Preferably, the portion of data, the reference to the portion of data, the protocol flag, the autonomous public key (DPK) and/or the autonomous transaction ID (DTxID) are provided at a location in the transaction (Tx) after a scripting operation code for marking the output invalid for subsequent use as input to a subsequent transaction.
The script opcode may be an op_return opcode in one or more variants of the bitcoin protocol, or may be a functionally similar/equivalent opcode from other blockchain protocols.
Preferably, the transaction (Tx) further comprises one or more attributes. This enables more detailed methods to be employed to search for data/content. These attributes may also be referred to as "values", "labels" or "tags" or "identifiers". They may be used to describe or annotate the portion of data or to provide additional information related to the portion of data.
Preferably, the one or more attributes include keywords, tags or identifiers associated with: i) Partial data provided or referenced in a transaction (Tx); and/or ii) transaction (Tx).
Preferably, the transaction (Tx) further comprises: at least one Parent Public Key (PPK) associated with a respective logical parent transaction (LPTx) identified by an autonomous transaction ID (DTxID); and a signature generated using at least one Parent Public Key (PPK).
This enables a logical hierarchy to be built between the transaction and its embedded data.
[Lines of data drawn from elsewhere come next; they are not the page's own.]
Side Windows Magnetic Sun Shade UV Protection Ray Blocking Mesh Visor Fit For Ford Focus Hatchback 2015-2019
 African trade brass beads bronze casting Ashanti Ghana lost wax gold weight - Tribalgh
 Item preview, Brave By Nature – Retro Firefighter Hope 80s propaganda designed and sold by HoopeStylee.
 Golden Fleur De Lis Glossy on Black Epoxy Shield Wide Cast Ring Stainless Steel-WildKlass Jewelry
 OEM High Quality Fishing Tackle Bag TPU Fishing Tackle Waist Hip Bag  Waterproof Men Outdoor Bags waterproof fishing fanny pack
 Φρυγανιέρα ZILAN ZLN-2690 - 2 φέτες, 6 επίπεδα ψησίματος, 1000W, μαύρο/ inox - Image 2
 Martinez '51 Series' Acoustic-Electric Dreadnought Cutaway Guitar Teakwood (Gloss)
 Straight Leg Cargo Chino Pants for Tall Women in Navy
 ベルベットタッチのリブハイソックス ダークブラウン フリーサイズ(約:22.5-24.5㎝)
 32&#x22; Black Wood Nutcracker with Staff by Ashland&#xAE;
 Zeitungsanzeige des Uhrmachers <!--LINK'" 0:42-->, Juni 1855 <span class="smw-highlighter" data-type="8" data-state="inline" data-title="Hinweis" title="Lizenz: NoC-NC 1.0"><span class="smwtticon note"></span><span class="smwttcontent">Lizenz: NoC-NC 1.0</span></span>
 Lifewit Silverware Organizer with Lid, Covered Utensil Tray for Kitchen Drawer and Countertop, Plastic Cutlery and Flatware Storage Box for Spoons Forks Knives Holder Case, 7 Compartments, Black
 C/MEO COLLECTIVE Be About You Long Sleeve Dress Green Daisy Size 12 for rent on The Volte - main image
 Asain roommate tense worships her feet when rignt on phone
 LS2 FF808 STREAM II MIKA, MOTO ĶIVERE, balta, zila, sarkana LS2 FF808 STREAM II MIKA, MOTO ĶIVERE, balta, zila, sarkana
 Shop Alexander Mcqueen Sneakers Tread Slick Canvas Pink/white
There may be one parent public key associated with a child node (i.e., a child node having a single parent node) or multiple parent public keys (i.e., a child node may have multiple parent nodes). Thus, multiple associated or logically linked transactions on a blockchain can be efficiently, safely, and quickly processed. Logically associated transactions may not be stored at contiguous block heights on the blockchain, but they may be easily and securely identified and/or accessed. Preferably, the method further comprises the steps of: a transaction (Tx) or one or more logical parent transactions are identified in the blockchain using an autonomous public key (DPK) and a transaction ID (TxID).
Further, embodiments may include the steps of: associating the public key with a blockchain transaction (Tx) that includes a transaction ID; and searching for a blockchain transaction (Tx) based on the transaction ID and the transaction public key. This may provide an improved solution for storing, searching, identifying, communicating, and/or accessing data via a blockchain. This may provide improvements for data communication and exchange over electronic networks, particularly peer-to-peer blockchain networks. Any one or more features described herein may also be used in accordance with this embodiment of the present disclosure (and vice versa), but are not repeated or reproduced herein for the sake of brevity and clarity. This may further comprise the steps of: the portion of the data provided in or referenced from the transaction (Tx) is accessed or otherwise processed.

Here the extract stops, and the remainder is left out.